Slashing the Military Budget
In a desperate attempt to balance its budget, the Indian Finance Ministry has slashed military spending by US$2 billion. The decision came amidst economic instability and a soaring fiscal deficit of 5.8 percent, leaving analysts with no option but to reduce the military budget by five percent. Budget cuts will not only affect the country’s defense sector but will also hamper the acquisition of military aircrafts and equipment in the near future. In particular, the budget cut is likely to affect the acquisition of 126 French Rafale fighter jets worth $20 billion, which India planned to acquire under the medium multi-role combat aircraft project.
India’s military build-up began in 2010 following the infamous November 2008 New Delhi attack. A wave of paranoia and anti-Pakistan sentiment dictated the national security establishment’s demands for increased funding. Although the budget cuts will favor India’s long-term monetary goals, it will however reduce the country’s ability to invest in purchasing machinery, equipment and military weapons. India’s national security threat is also not simply confined to Pakistan. The country perceives serious competition and threats from China as well.

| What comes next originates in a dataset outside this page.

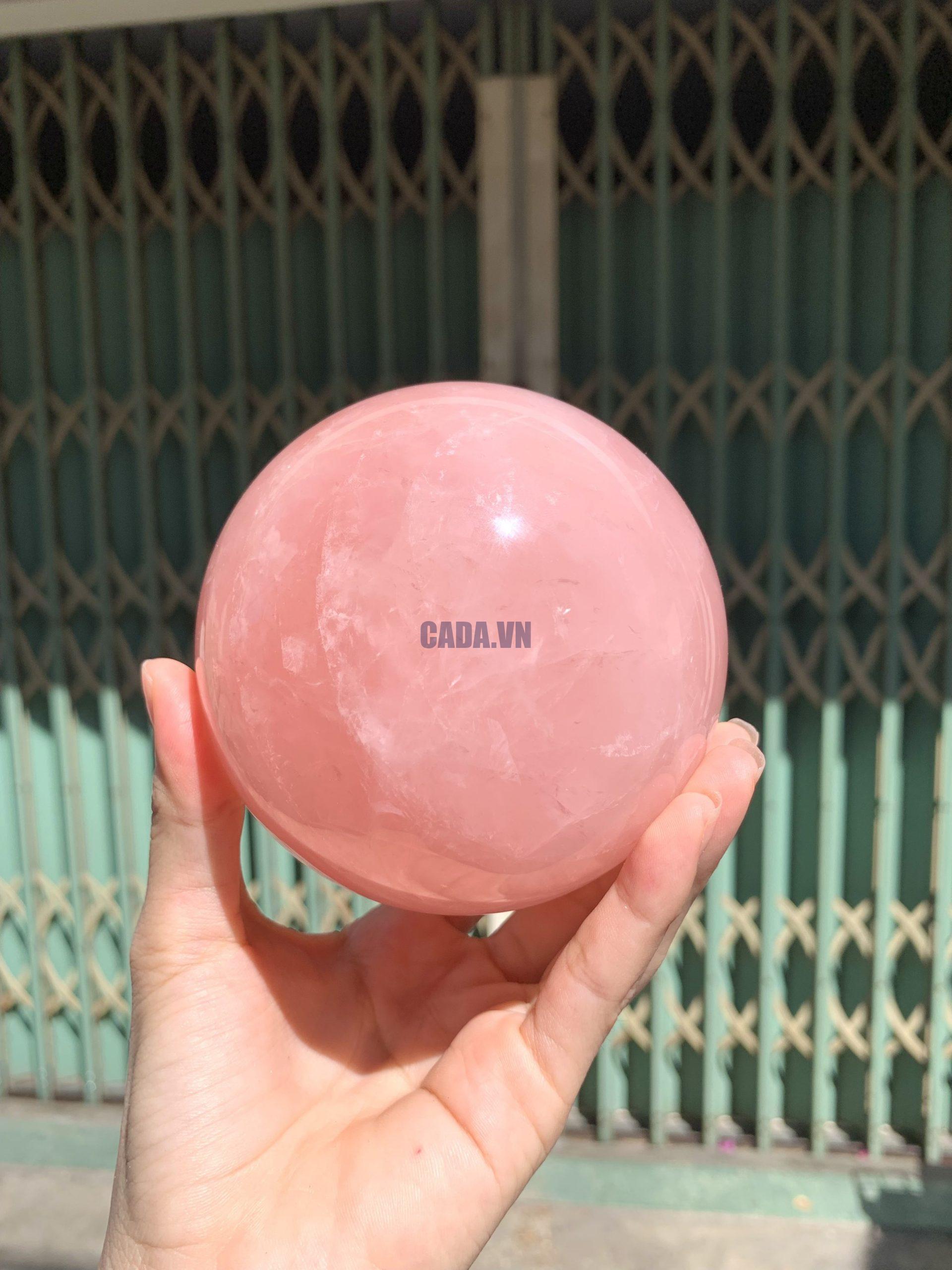 Bi cầu Thạch Anh Hồng sao – Rose Quartz Sphere (BH228), ĐK: 9,3CM, KL: 1,204KG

The reduction in India’s military budget coincides with the correspond- ing rise of its security challenges. The country’s defense outlay of $35.09 billion seems trivial as compared to China’s expenditure of $106.41 billion. Previously, India had sought a 30 percent budget increase to counter the rapid development in the military sector by China. It seems it will now have to wait before executing any such plans.
Following the cut, several key acquisition plans have been pushed for the next fiscal year. Analysts predict that this will cause serious concern in India for the country is continuously expanding its arsenal to maintain its hegemony in the region.